Stieg Larsson’s Millennium Trilogy: Films (2009)

The Extended Editions (2009)

The standard theatrical versions of the trilogy that were first released into the English and American markets were really good, but the eventual release of the extended Swedish language editions in a single box set (DVD or Blu-ray) made my day. It brought with it an additional 120 minutes of footage, two whole hours of extra story! That's 120 minutes in total, not 120 minutes each.

Each film was split into two parts lasting approximately 90 minutes each, enabling them to more easily fit into a TV schedule.

I'd have preferred the split be a simple fade-to-black intermission, but the separation isn't really that much of a problem and I admit that I made use of it each time to get a refill.


The Girl with the Dragon Tattoo (2009)
Dir. Niels Arden Oplev

Part one introduces the two key players, namely Lisbeth Salander (Noomi Rapace), a researcher/computer hacker, and Mikael Blomkvist (Michael Nyqvist), a journalist for a Swedish magazine that's unafraid to print the truth even when it proves unpopular.

The casting is perfect. Nyqvist is able to portray a man with a reservoir of resolve that isn't endless but is deeper than most. Rapace perfectly embodies a woman with a troubled past, even down to the way she walks. She goes the extra mile more than once to make Lisbeth feel frighteningly real.

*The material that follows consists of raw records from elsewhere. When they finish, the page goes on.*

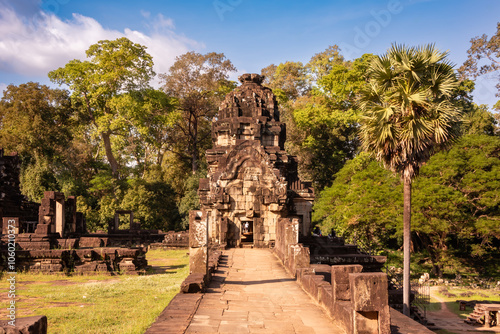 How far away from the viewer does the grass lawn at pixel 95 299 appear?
8359mm

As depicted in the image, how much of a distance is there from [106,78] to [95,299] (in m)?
29.2

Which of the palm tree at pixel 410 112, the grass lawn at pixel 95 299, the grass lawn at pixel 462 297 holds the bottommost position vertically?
the grass lawn at pixel 462 297

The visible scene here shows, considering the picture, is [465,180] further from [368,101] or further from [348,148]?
[348,148]

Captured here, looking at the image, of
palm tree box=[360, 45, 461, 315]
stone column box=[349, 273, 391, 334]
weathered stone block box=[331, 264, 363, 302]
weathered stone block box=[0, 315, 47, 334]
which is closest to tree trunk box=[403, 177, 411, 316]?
palm tree box=[360, 45, 461, 315]

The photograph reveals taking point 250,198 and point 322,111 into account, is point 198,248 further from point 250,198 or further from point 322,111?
point 322,111

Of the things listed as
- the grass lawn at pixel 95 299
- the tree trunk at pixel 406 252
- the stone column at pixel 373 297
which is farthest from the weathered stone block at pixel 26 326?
the tree trunk at pixel 406 252

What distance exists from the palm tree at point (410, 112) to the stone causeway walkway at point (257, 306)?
230 inches

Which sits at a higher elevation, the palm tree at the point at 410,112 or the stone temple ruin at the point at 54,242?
the palm tree at the point at 410,112

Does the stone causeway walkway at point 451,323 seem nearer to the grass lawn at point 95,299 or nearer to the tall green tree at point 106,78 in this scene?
the grass lawn at point 95,299

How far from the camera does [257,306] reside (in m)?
7.37

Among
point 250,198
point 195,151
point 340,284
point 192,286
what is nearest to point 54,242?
point 250,198

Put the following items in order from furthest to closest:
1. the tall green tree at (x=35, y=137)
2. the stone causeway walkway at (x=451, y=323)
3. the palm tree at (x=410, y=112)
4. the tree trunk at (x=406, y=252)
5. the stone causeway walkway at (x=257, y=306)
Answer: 1. the tall green tree at (x=35, y=137)
2. the stone causeway walkway at (x=451, y=323)
3. the palm tree at (x=410, y=112)
4. the tree trunk at (x=406, y=252)
5. the stone causeway walkway at (x=257, y=306)

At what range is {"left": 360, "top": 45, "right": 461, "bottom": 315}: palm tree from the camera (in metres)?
13.8

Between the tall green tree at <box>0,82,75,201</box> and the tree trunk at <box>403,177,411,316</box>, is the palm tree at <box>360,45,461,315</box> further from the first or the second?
the tall green tree at <box>0,82,75,201</box> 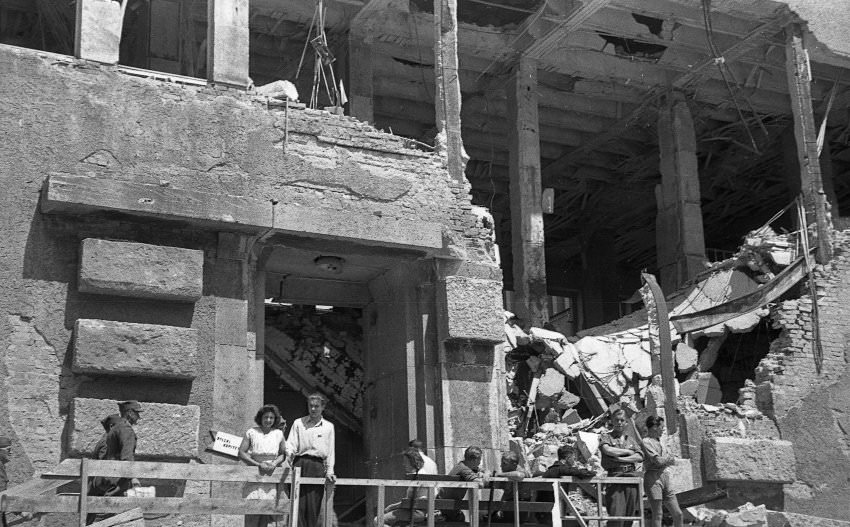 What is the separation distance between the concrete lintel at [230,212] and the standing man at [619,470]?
2694 millimetres

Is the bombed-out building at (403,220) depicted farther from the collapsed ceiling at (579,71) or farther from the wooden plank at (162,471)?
the wooden plank at (162,471)

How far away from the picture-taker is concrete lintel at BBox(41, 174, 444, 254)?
11180mm

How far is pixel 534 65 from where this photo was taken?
2058cm

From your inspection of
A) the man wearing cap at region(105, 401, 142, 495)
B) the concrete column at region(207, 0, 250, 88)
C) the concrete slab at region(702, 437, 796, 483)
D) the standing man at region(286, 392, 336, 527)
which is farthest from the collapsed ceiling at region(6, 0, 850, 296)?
the man wearing cap at region(105, 401, 142, 495)

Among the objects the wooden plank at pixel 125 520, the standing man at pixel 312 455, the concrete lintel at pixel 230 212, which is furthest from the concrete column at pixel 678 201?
the wooden plank at pixel 125 520

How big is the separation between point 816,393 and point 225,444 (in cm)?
928

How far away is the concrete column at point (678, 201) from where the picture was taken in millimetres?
21359

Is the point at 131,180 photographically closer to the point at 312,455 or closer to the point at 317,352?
the point at 312,455

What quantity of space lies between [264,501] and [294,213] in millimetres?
3764

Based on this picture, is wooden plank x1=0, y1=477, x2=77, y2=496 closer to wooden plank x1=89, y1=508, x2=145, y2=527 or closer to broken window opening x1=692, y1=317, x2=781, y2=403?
wooden plank x1=89, y1=508, x2=145, y2=527

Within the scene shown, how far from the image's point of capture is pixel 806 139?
18781 mm

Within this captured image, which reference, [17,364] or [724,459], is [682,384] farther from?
[17,364]

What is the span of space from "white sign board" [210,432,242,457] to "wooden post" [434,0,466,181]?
4.01 meters

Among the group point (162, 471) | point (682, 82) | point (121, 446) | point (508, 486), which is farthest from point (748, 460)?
point (162, 471) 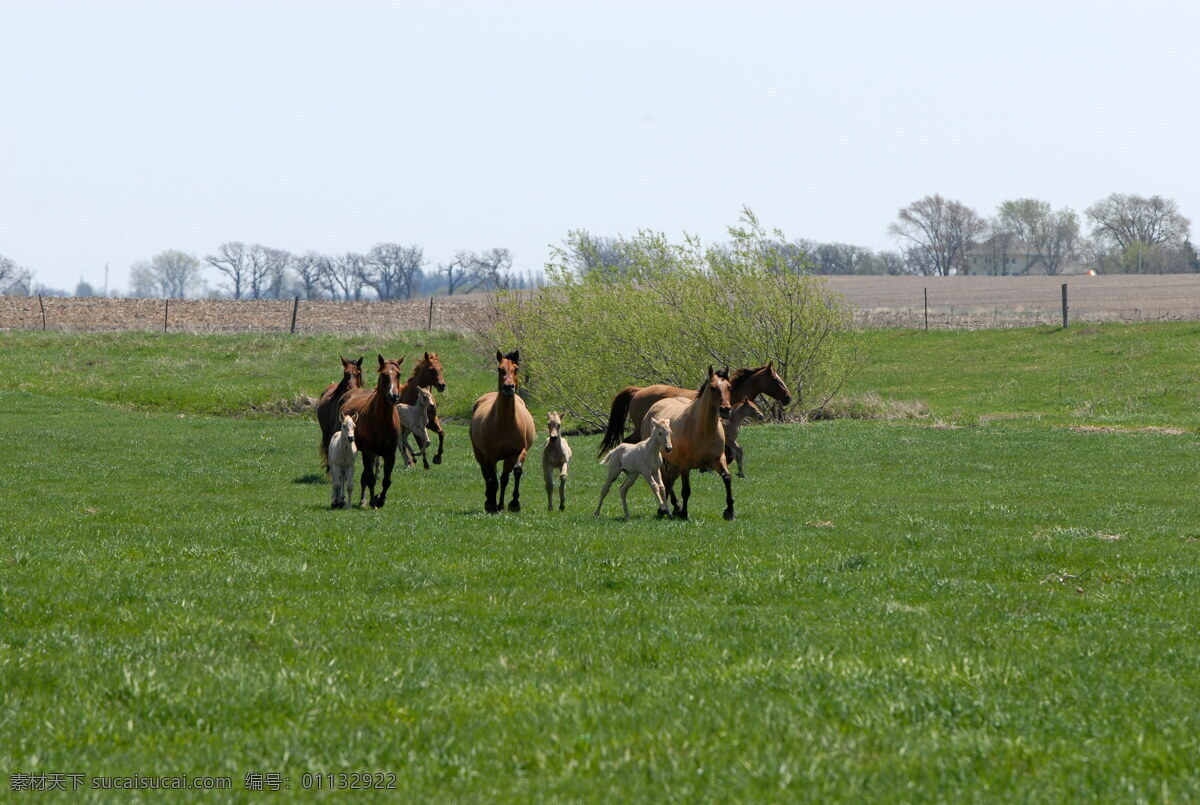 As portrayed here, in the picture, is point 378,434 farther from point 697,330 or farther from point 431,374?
point 697,330

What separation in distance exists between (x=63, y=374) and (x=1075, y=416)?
4792 centimetres

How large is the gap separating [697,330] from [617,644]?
37.6m

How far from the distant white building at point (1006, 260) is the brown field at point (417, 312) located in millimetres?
69939

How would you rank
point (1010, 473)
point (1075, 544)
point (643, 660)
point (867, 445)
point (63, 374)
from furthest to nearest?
point (63, 374), point (867, 445), point (1010, 473), point (1075, 544), point (643, 660)

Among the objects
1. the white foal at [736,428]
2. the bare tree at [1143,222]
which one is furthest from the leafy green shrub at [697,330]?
the bare tree at [1143,222]

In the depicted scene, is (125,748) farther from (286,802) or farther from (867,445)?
(867,445)

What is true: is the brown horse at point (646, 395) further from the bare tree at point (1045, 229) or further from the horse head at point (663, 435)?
the bare tree at point (1045, 229)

Their attitude toward life is different but they share an investigative drive, and ensuring a perpetrator pays for his/her crimes, especially when the victims are unable to take action themselves, is a large part of it.

Viewers should know prior to watching that there's occasional scenes of sexual violence. They're essential to the story and to deepen characterisation, they're not included just for gratification or to be controversial for the sake of it, but they will be disturbing for some people.

The Girl who Played with Fire (2009)
Dir. Daniel Alfredson

Millennium journalist Mikael Blomkvist begins researching a story about Eastern European sex trafficking, which is the key to opening up a dangerous can of worms.

When the worms have secrets and guns, things quickly spiral out of control.

Lisbeth has her own troubles, but being Lisbeth means she soon finds more, bringing her into the same line of fire as Mikael. The pair travel in different circles, but the circumferences eventually intersect.

The majority of the story explores Lisbeth's past and in doing so goes some way to explaining her current situation and reluctance to trust even those she considers friends.

The measurable danger level is higher than before because the person under investigation wants desperately to stay in the shadows. As the truism states: desperate men do desperate things.

Unlike the previous film, Played with Fire doesn't have a proper ending. A number of events are left hanging, not resolved until the third and final film (see below).

The Girl who Kicked the Hornet's Nest (2009)
Dir. Daniel Alfredson

Part three is itself split into three distinct parts: the post-trauma of the previous film's ending; the pre-trial information gathering by Blomkvist and the Millennium employees; and finally a courtroom scene. There's a coda that wraps up a few loose ends, but those three aspects are the main draw.

New characters are introduced, old men who had previously been comfortably anonymous.

The digging into their shared transgression forces them out of retirement, bringing with it consequences that test the character of everyone connected to the Salander case.

Even though all three films are just over 180 minutes in length, none of them feel like it. I've never once experienced the halfway-point wane or impatient stirrings that some other films give rise to. It's fair to say that Played with Fire and Hornet's Nest aren't as gripping as Dragon Tattoo, but that's only because part one is exceptional. If you remove from the equation the urge to make a comparison, then parts two and three are top-class films in their own right.